Unite and BMA union health workers on strike on Monday (Picture: Guy Smallman)

Inflation is rising not—as the Tories and the media will tell—going down. Chancellor Jeremy Hunt breathed a sigh of relief on Wednesday when official figures showed that his preferred CPI rate had fallen slightly. 

But, missed by much of the media, the more accurate RPI rate showed inflation is heading up again. That means workers have to redouble the fight to win double-digit pay rises.

The CPI index of prices rose by 6.7 percent, down from 6.8 percent in July. But the RPI index was up to 9.1 percent from 9 percent. And as always, it’s important to remember that falling inflation does not mean prices are going down. They are just going up more slowly.

The fall in CPI followed cheaper hotel stays and air travel. These are hardly major items for workers and people on benefits and pensions. More importantly, food prices are still going up by 13.6 percent a year.

Residential rents across Britain are rising at their fastest pace on record, as landlords protect their profits from increased interest rates by passing the cost on to tenants. And more expensive mortgages make it harder for people to buy a home, so they turn to renting. More people chasing scarce accommodation means landlords have another chance to put up prices.

Data from estate and letting agent Hamptons this week showed that the average rent on a newly-let property has jumped by 12 percent in the year to August. That’s the fastest since its index began in 2014.

This pushed the average monthly rent on a newly-let home in August to £1,304, less than a year after it hit £1,200 for the first time.

The number of households becoming homeless because of landlords selling up or raising rent jumped 27 percent from the previous year in the first quarter of 2023. “No fault” bailiff evictions under Section 21 of the Housing Act also rocketed 41 percent during the same period. This sees tenants forcibly ejected despite not breaching their tenancies.

Yet on Thursday, the Bank of England is expected to raise interest rates again—for the 15th time in a row as it “battles inflation”. Its strategy is to crash the economy and scare workers out of demanding higher wages.

Rocketing interest rates mean bankruptcies and job losses—that’s the deliberate calculation by the government.

Unemployment is already up from 3.6 percent to 4.3 percent over the past year.
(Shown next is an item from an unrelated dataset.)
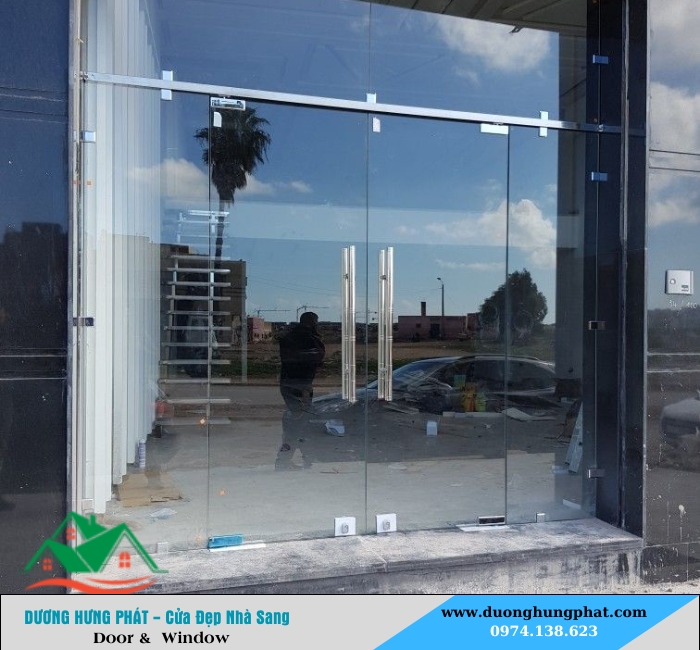 thi công vách kính cường lực cho mặt tiền tại Thủ Đức Quận 2 TP.HCM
That equates to around a quarter of a million more people out of work. Around two-thirds of this increase was accounted for by workers aged 18-24.

There is a long-term assault on wages. In the fifteen years since January 2008, real weekly wages have fallen by £15. If real wages had instead grown at the average pre-2008 rate over this time, they’d now be £900 per week. 

That’s £283 higher than they actually are. Workers should not let up at all in the battle for real wage increases.